Directions: Output nothing but the lines from the beginning of the listing below through the line containing "A boat is secured", exactly as they stand, without pictures.

··········

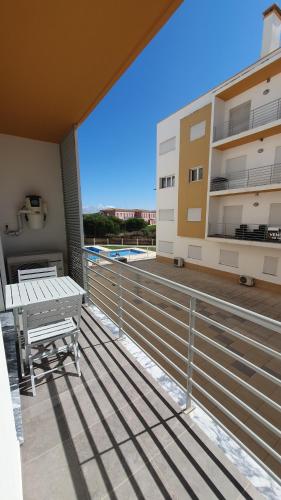 a balcony with a picnic table and a building at Condomínio do Cabedelo in Figueira da Foz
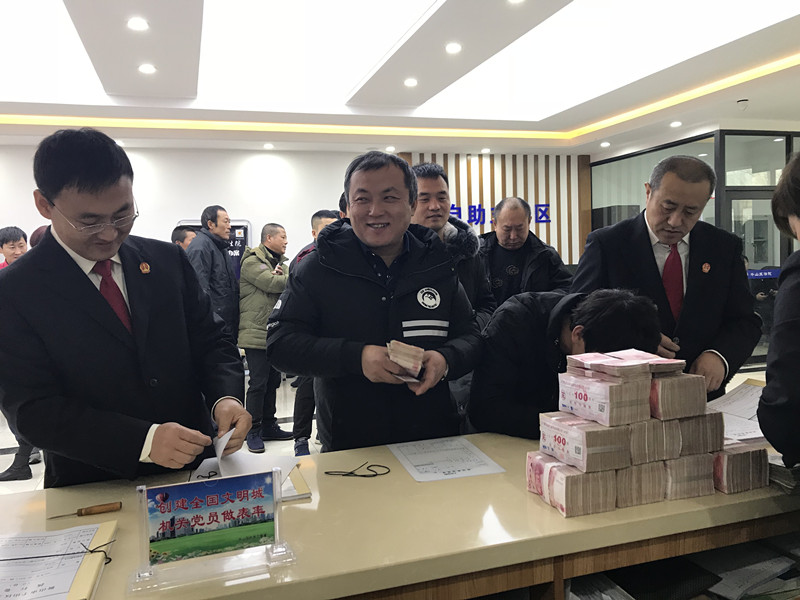 丁先生拿到被拖欠多年的工資款后露出久違的笑容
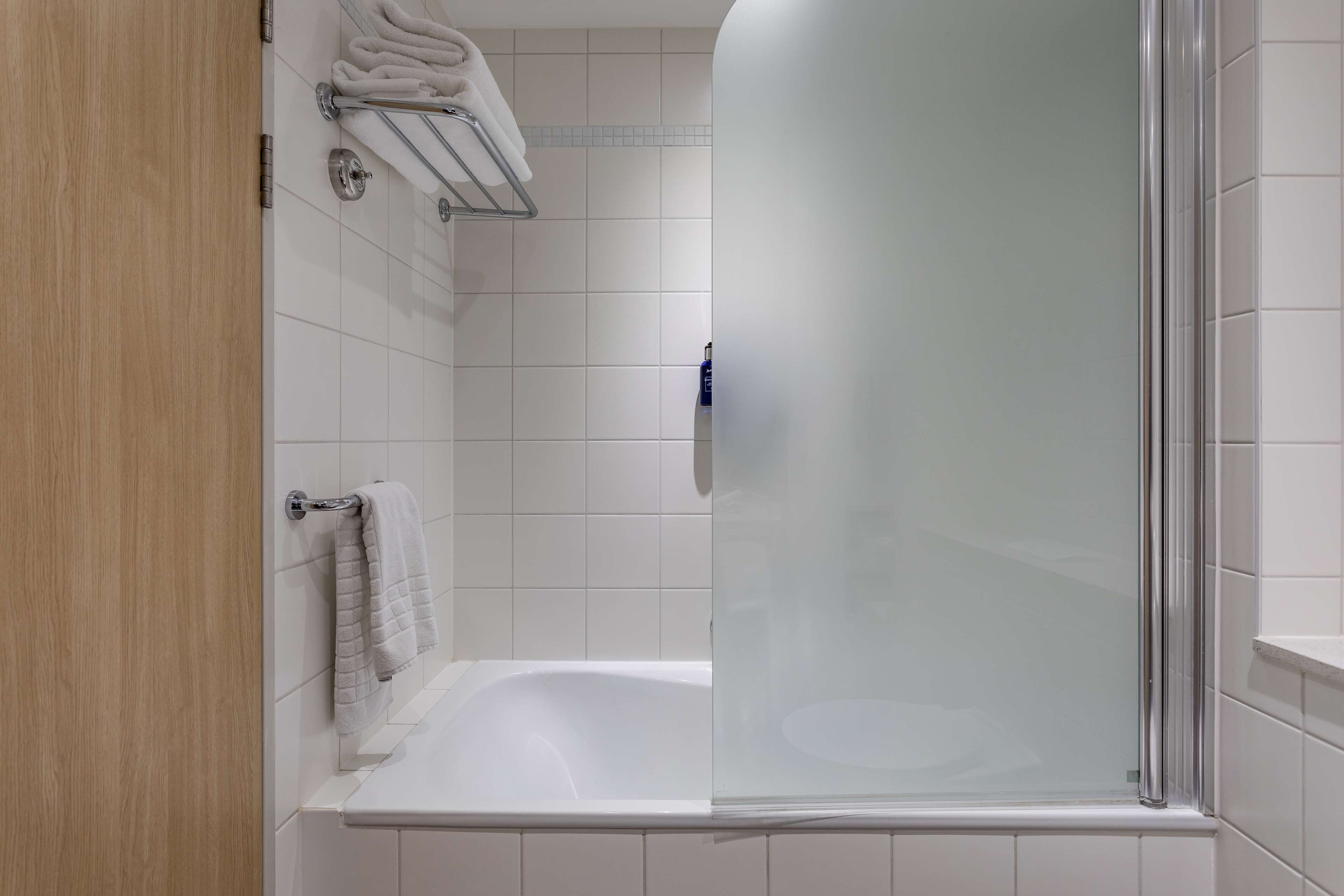 A modern bathroom with a glass shower enclosure, a white bathtub, and a wooden door.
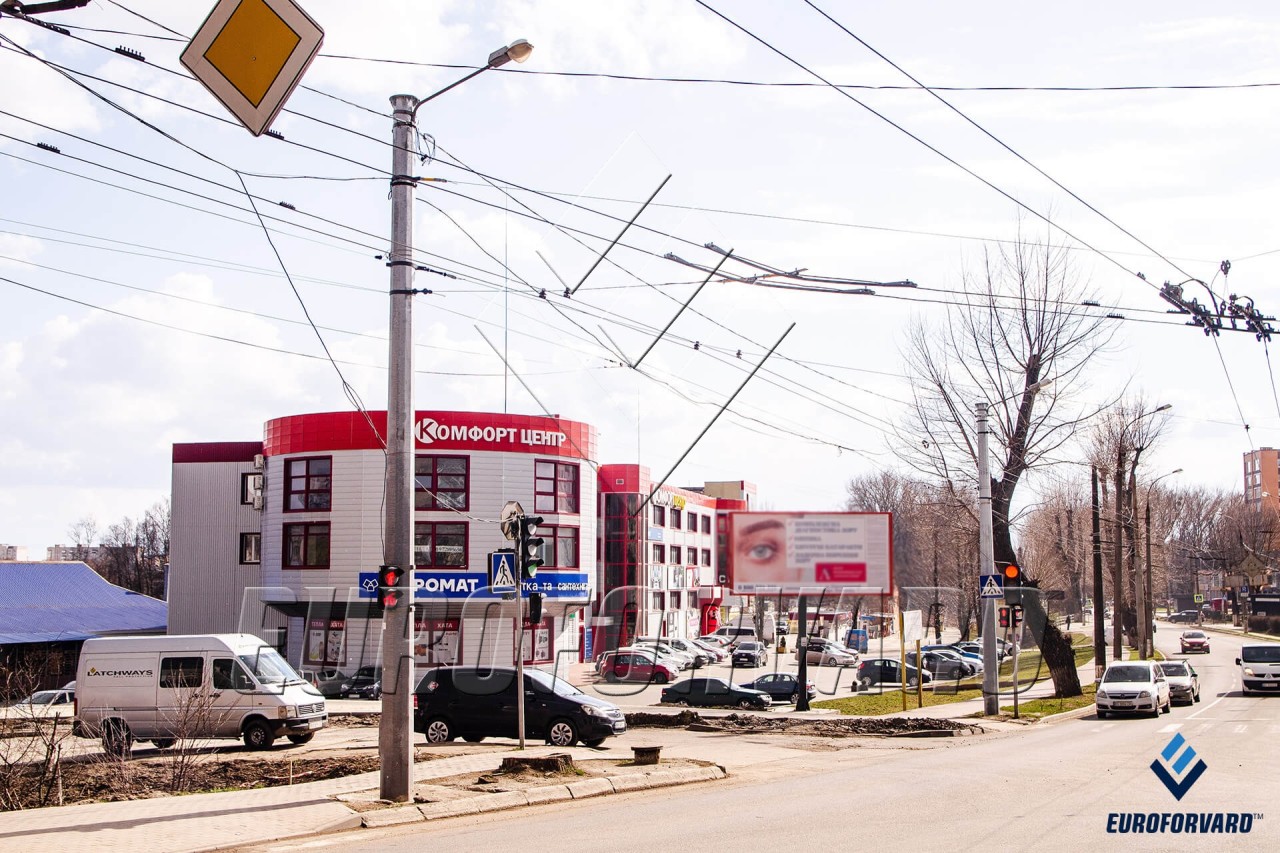 Опори контактної мережі біля дороги на фоні будівлі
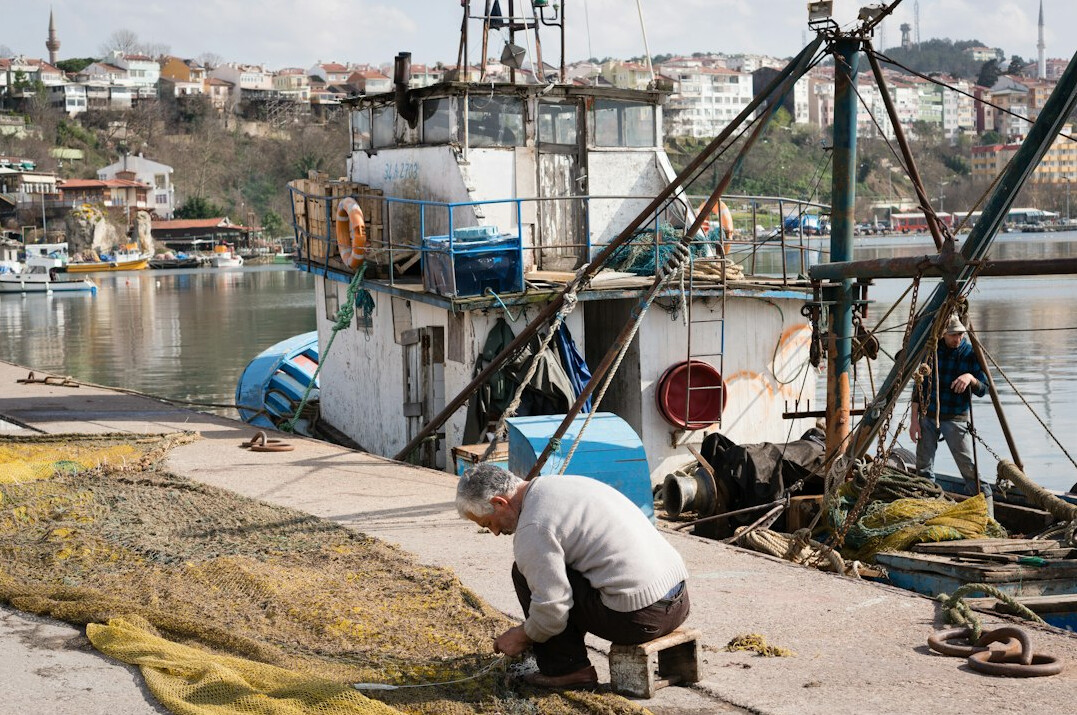 fisherman preparing boat at harbor
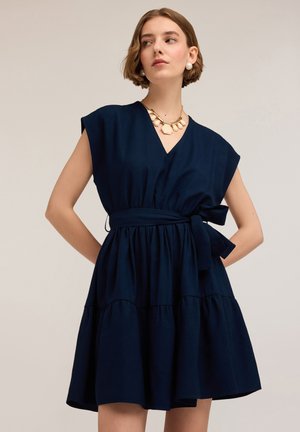 Abito di cotone blu navy con maniche corte, scollo a V, vita aderente e gonna a strati. Presenta una cintura con nodo in vita e una texture liscia.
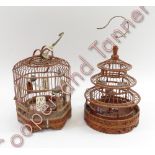 A pair of Chinese wooden birdcages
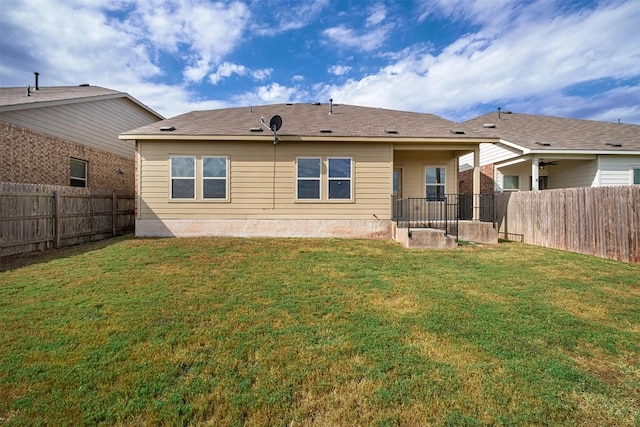 rear view of house with a lawn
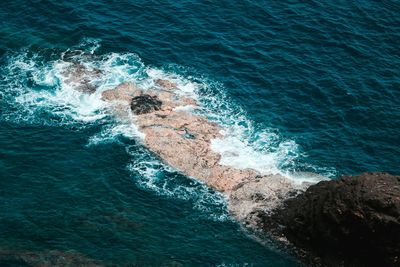 High angle view of waves in sea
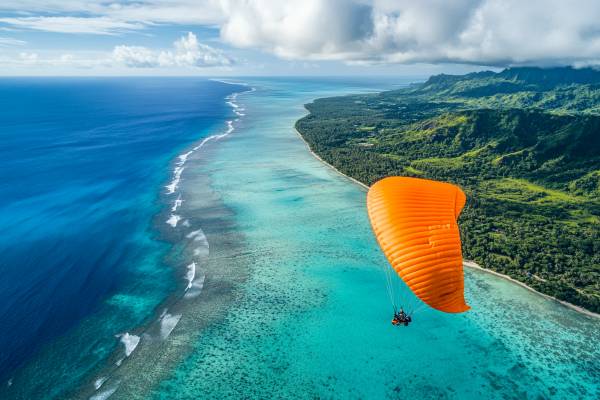 orange parasail parachute over a Cook Islands beach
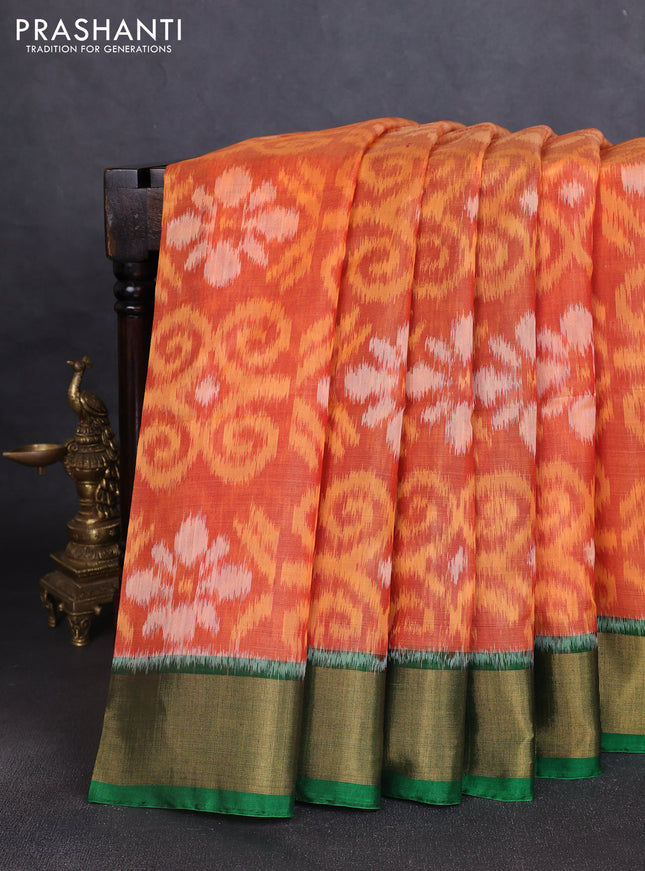 Ikat silk cotton saree rustic orange and green with allover ikat weaves and zari woven border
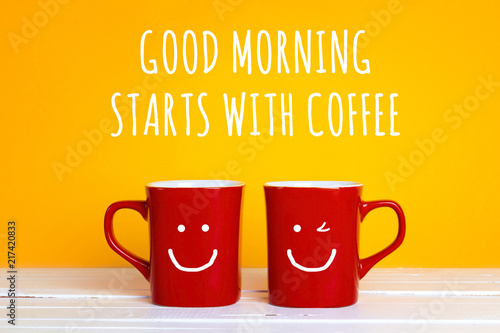 Two red coffee mugs with a smiling faces on a yellow background with the phrase Good morning start with coffee.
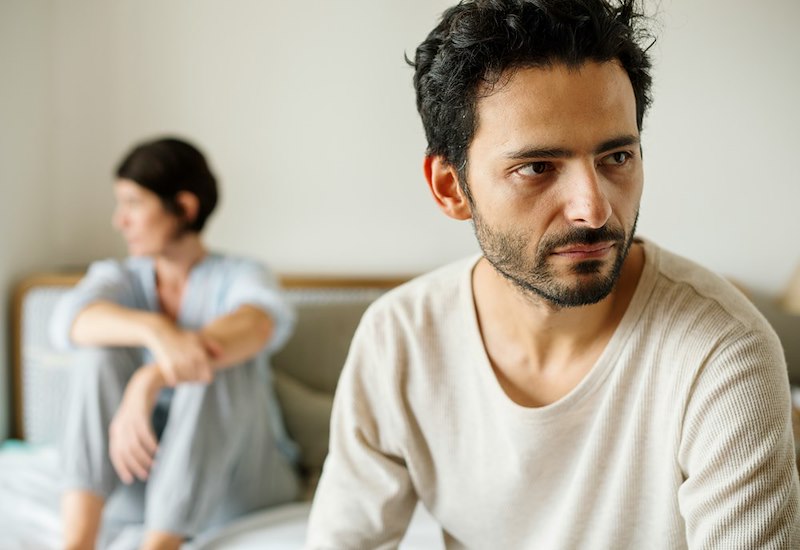 A married couple argue on a couch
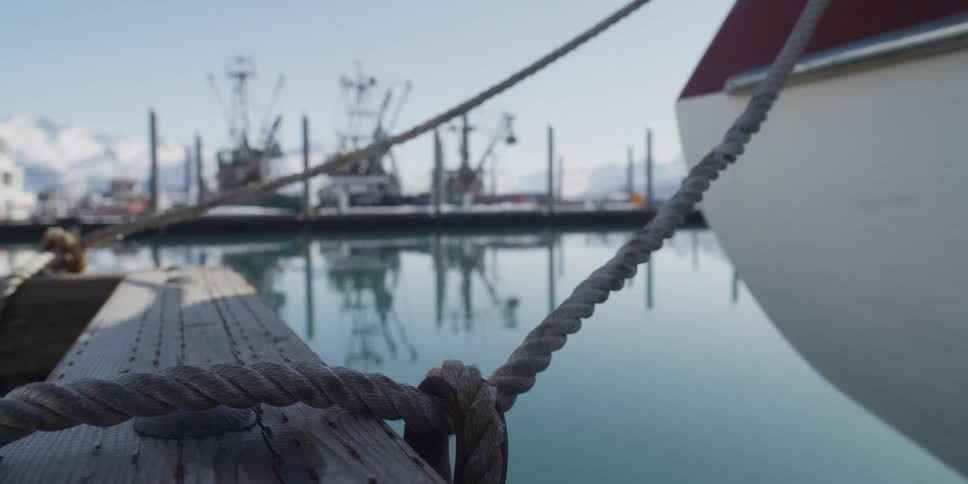 A boat is secured to a dock by a rope, with a fishing harbor and snowy mountains softly focused in the background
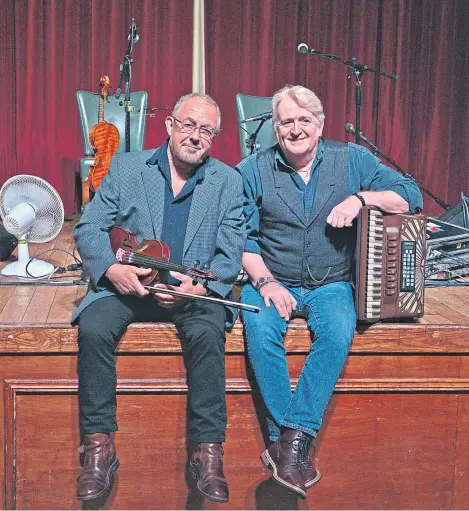  ??  ?? Aly Bain, left, and Phil Cunningham are back on the road in their 32nd year together.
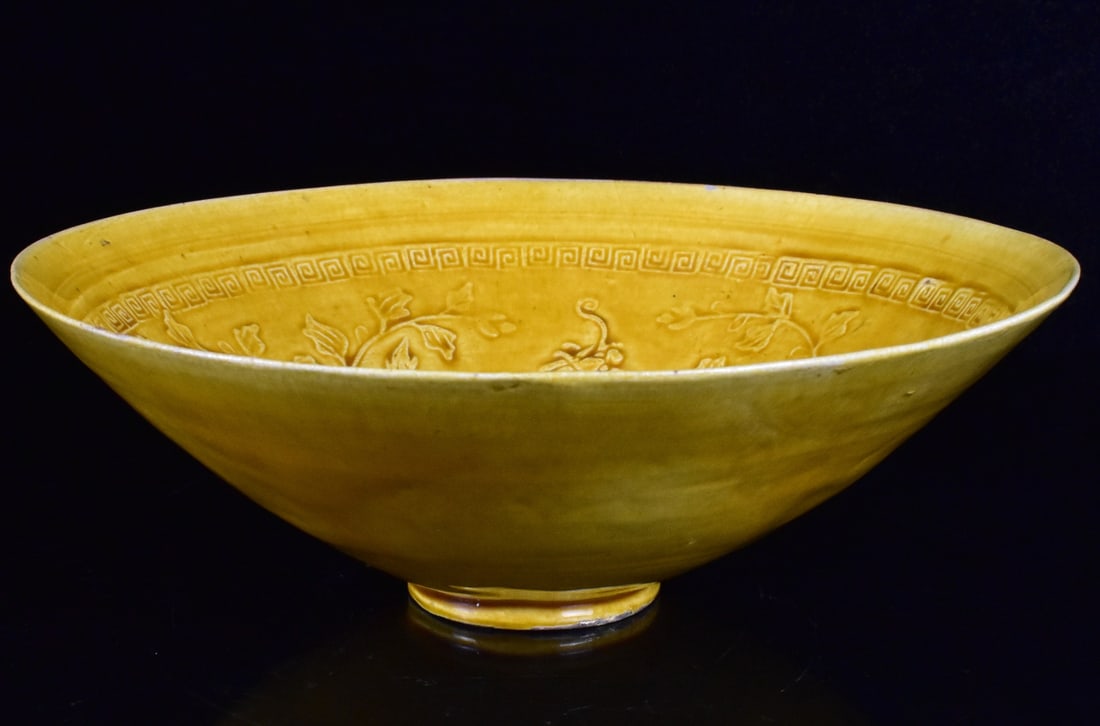 Chinese Egg Shell Yellow Glazed Dragon Bowl,19th C: A Chinese egg shell yellow glazed dragon bowl, dating from the 19th century. Of conical shape, center molded with four characters mark, surrounded by three dragons and scrolling flower design. Thinly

··········

Output:
 a balcony with a picnic table and a building at Condomínio do Cabedelo in Figueira da Foz
 丁先生拿到被拖欠多年的工資款后露出久違的笑容
 A modern bathroom with a glass shower enclosure, a white bathtub, and a wooden door.
 Опори контактної мережі біля дороги на фоні будівлі
 fisherman preparing boat at harbor
 Abito di cotone blu navy con maniche corte, scollo a V, vita aderente e gonna a strati. Presenta una cintura con nodo in vita e una texture liscia.
 A pair of Chinese wooden birdcages
 rear view of house with a lawn
 High angle view of waves in sea
 orange parasail parachute over a Cook Islands beach
 Ikat silk cotton saree rustic orange and green with allover ikat weaves and zari woven border
 Two red coffee mugs with a smiling faces on a yellow background with the phrase Good morning start with coffee.
 A married couple argue on a couch
 A boat is secured to a dock by a rope, with a fishing harbor and snowy mountains softly focused in the background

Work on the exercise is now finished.